If IP address: 199.141.27.23 Subnet mask: 255.255.255.240 Which of the following addresses can be allocated to hosts on the resulting subnet?Question 1Answera.199.141.27.30b.199.141.27.8c.199.141.27.13d.199.141.27.12

To determine which of the given addresses can be allocated to hosts on the resulting subnet, we need to perform a bitwise AND operation between the IP address and the subnet mask.

First, let's convert the IP address and subnet mask to binary:

IP address: 199.141.27.23 -> 11000111.10001101.00011011.00010111 Subnet mask: 255.255.255.240 -> 11111111.11111111.11111111.11110000

Next, we perform the bitwise AND operation:

11000111.10001101.00011011.00010111 AND 11111111.11111111.11111111.11110000

11000111.10001101.00011011.00010000

The resulting binary value is 11000111.10001101.00011011.00010000, which is equivalent to 199.141.27.16 in decimal notation.

Now, we need to determine the range of valid host addresses within this subnet. Since the subnet mask is 255.255.255.240, it means that the last 4 bits of the IP address are used for host addresses.

The range of valid host addresses is from the network address + 1 to the broadcast address - 1.

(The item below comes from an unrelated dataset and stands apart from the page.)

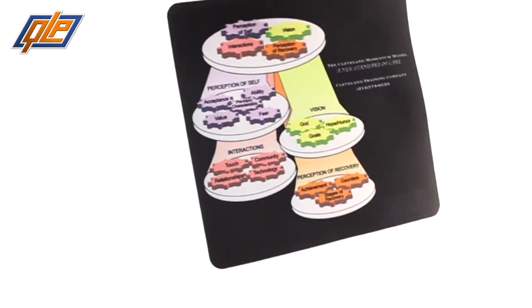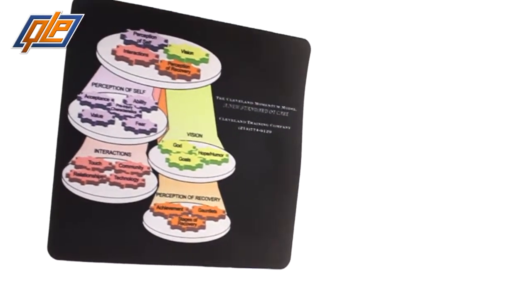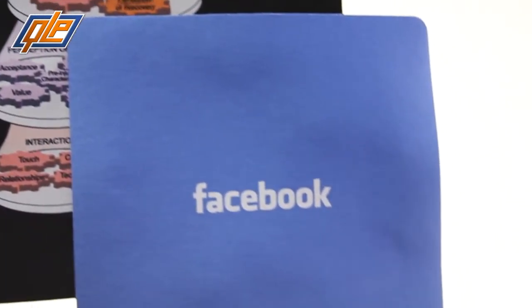What do you think of when you hear mouse pads? Walk into any office and you'll see a computer at every desk, and with every computer there's going to be a mouse. Your employees see their mouse pads every day, so why not brighten up their lives by giving them a custom mouse pad with something unique to your brand.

The network address is 199.141.27.16, so the first valid host address is 199.141.27.17.

The broadcast address is obtained by setting all the host bits to 1. In this case, the broadcast address is 199.141.27.31.

Therefore, the valid host addresses on the resulting subnet are:

a. 199.141.27.30 b. 199.141.27.8 c. 199.141.27.13 d. 199.141.27.12

So, the correct answer is a. 199.141.27.30, b. 199.141.27.8, c. 199.141.27.13, and d. 199.141.27.12.